When you look at Kurzweil's models on exponential growing CPU-power, you will find that we'll have human brain capacity computation in a $1000 dollar chip by 2020. The silicon paradigm will run out of steam in a matter of years. Despite that, in 2010, there'll be enough computational power to realistically simulate realtime the chemical processes within our cells.

It all makes sense, considering the fact that CPU-power will keep on doubling every year or so.

But lately, I have read many positive newsarticles on quantum computation. It has been proven that quantum computers can indeed be built, a number has been primed by quantum computation, the number of qubits that can be entangled has been raised from 10 to almost 100, and I also recall that scientists got something to work of which they thought they would not be able to do it for at least a century. And then there's this: http://www.newscient...p?id=ns99993114

If I am to believe the media, this society will have useful, working quantumcomputers in the not so distant future. Science will use these computers first, from what I read. Ian Pearson predicts the quantum computer to be available in 2007, which is pretty damn soon.

But what I don't understand, is that nobody ever really seems to take into account the speedy development of quantumcomputers. Considering the fact that science has already figured out how to entangle almost 100 qubits, it is reasonable to assume that, when the world's first useful quantumcomputer is built, there will be at least 100 entangled qubits at work. And since the power of such a computer grows exponentially with every extra qubit, these quantumcomputers will be absolute monsters in terms of computational power.

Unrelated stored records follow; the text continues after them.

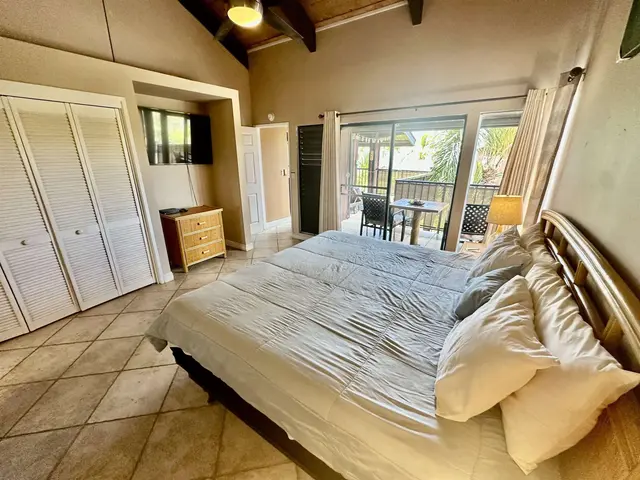 Listing Image for 1000 Kamehameha V Hwy 317b 19 of 36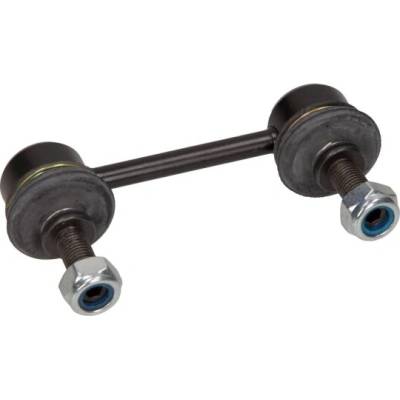 MAXGEAR Tyč/Vzpera stabilizátora 722615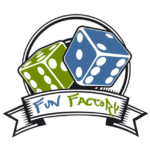 Fun Factory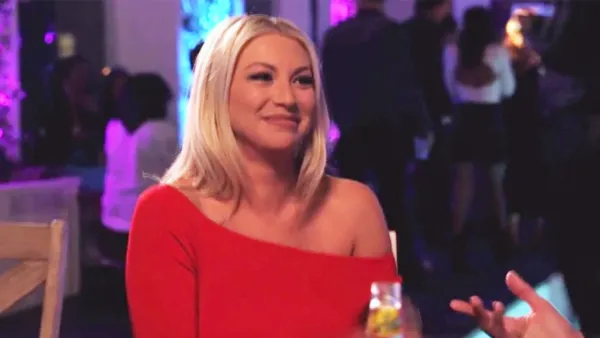 Stassi 2d552e64 3f5d 434b 9d67 291b25cd7df1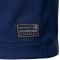 Camiseta Francia Primera Equipación Stadium Mundial Qatar 2022 Midnight Navy
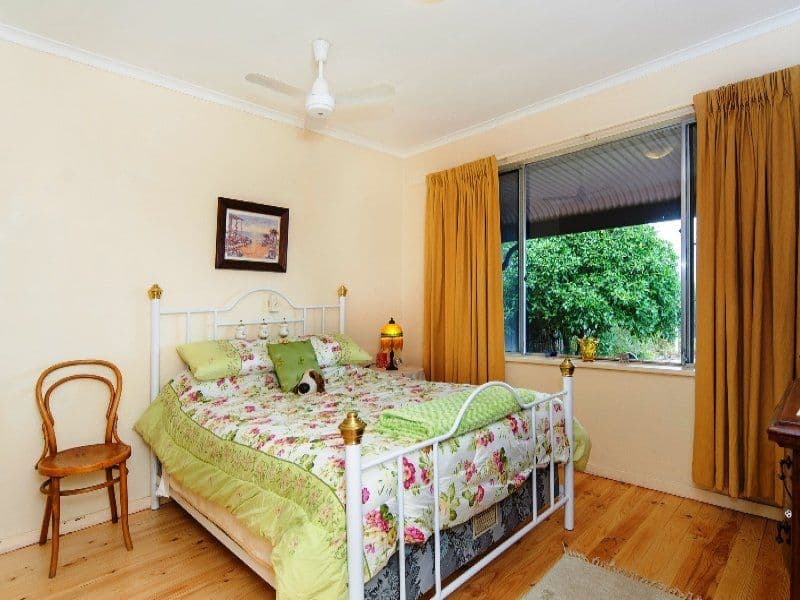 32 Williss Drive, Normanville SA 5204, Normanville - Thumbnail 7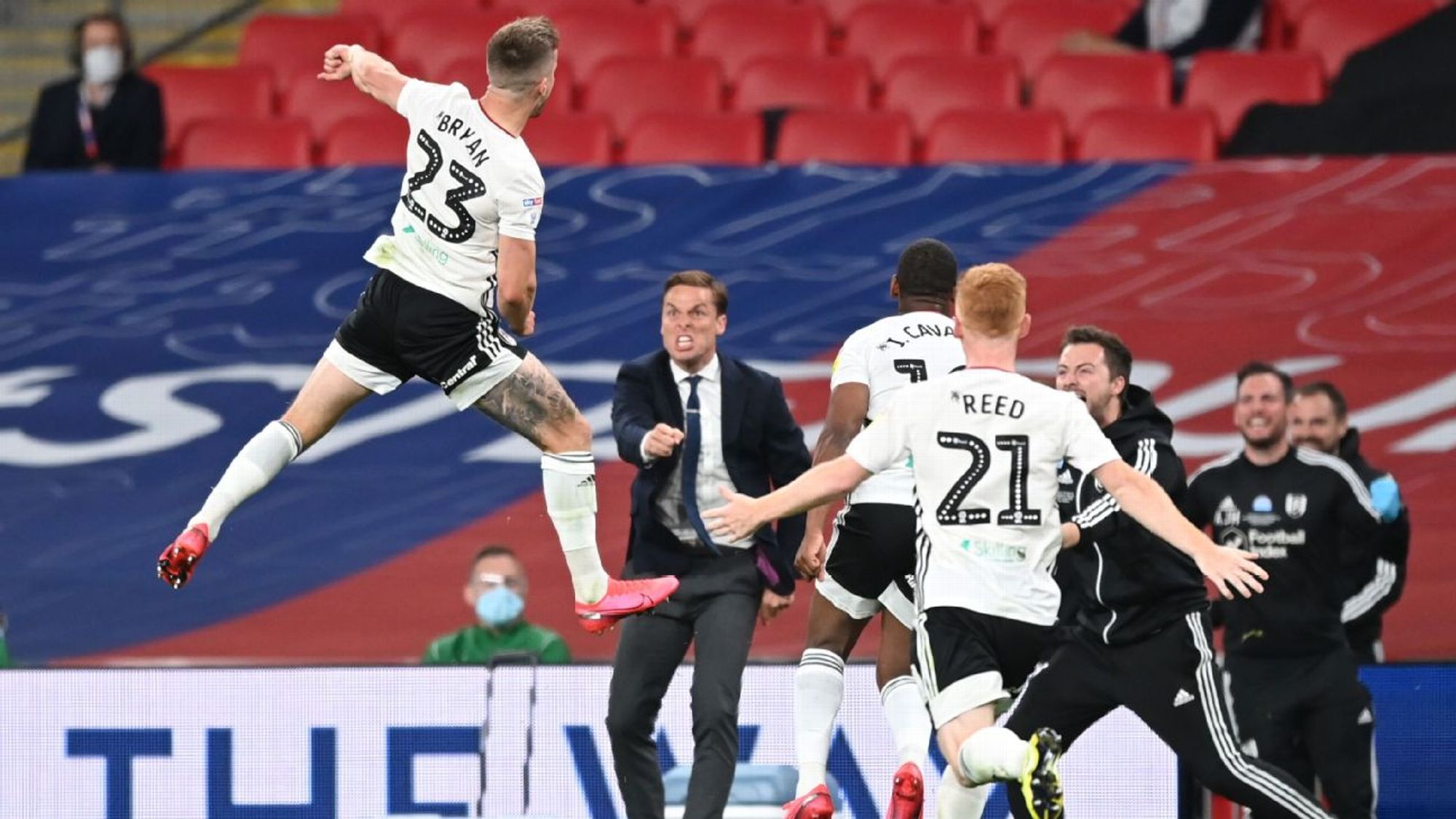 的几次失误 的几次失误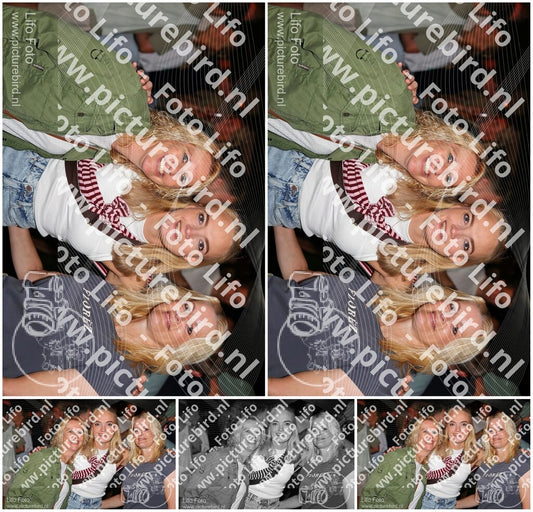 Evenement foto: 1225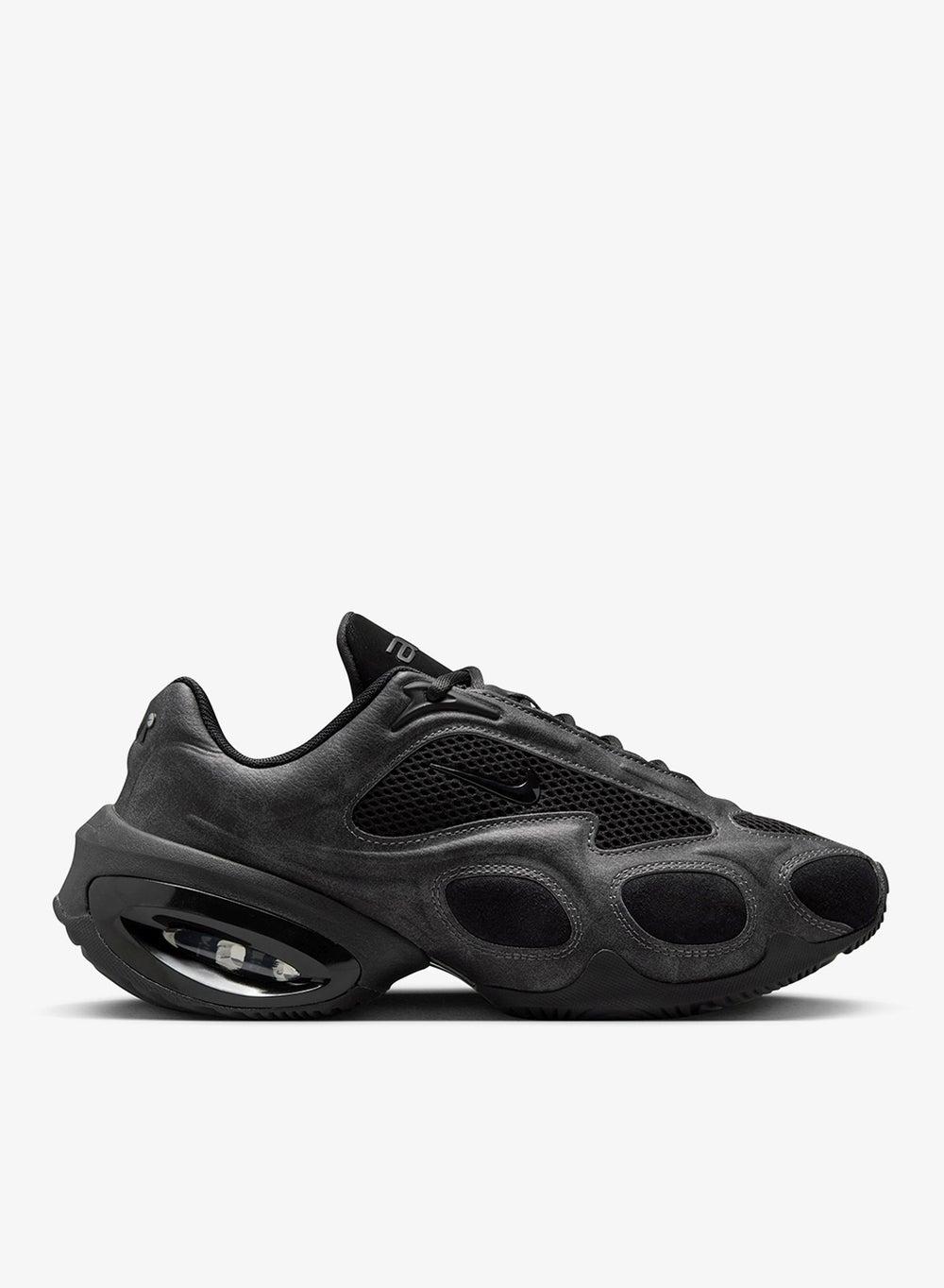 Air Max Muse Se HQ1831 001 Anthracite Lifestyle Sneakers - Image 1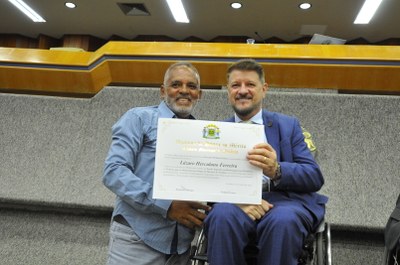 FOTO ANTONIO SILVA (151).JPG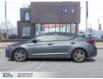 2018 Hyundai Elantra LE (Stk: 679118) in Milton - Image 3 of 22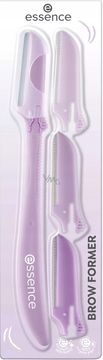 shumee Brivnik za obrvi ESSENCE Brow Former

For example: 300 entangled qubits can store more information than a 'normal' bit-memory with the length of 10^80 bits. 10^80 is the number of estimated particles in the entire Universe.

I wonder... could it be that humanity will soon have tremendous computational power to it's disposal? A computational power that modellers and extrapolators like Kurzweil have not taken into account when making up their models?

Any thoughts on this?


P.S. This seemed like the most appropriate forum to post this in, even though I could have placed it in the Singularity forum I guess... Anyways: you're welcome to kick it elsewhere, Bruce. :)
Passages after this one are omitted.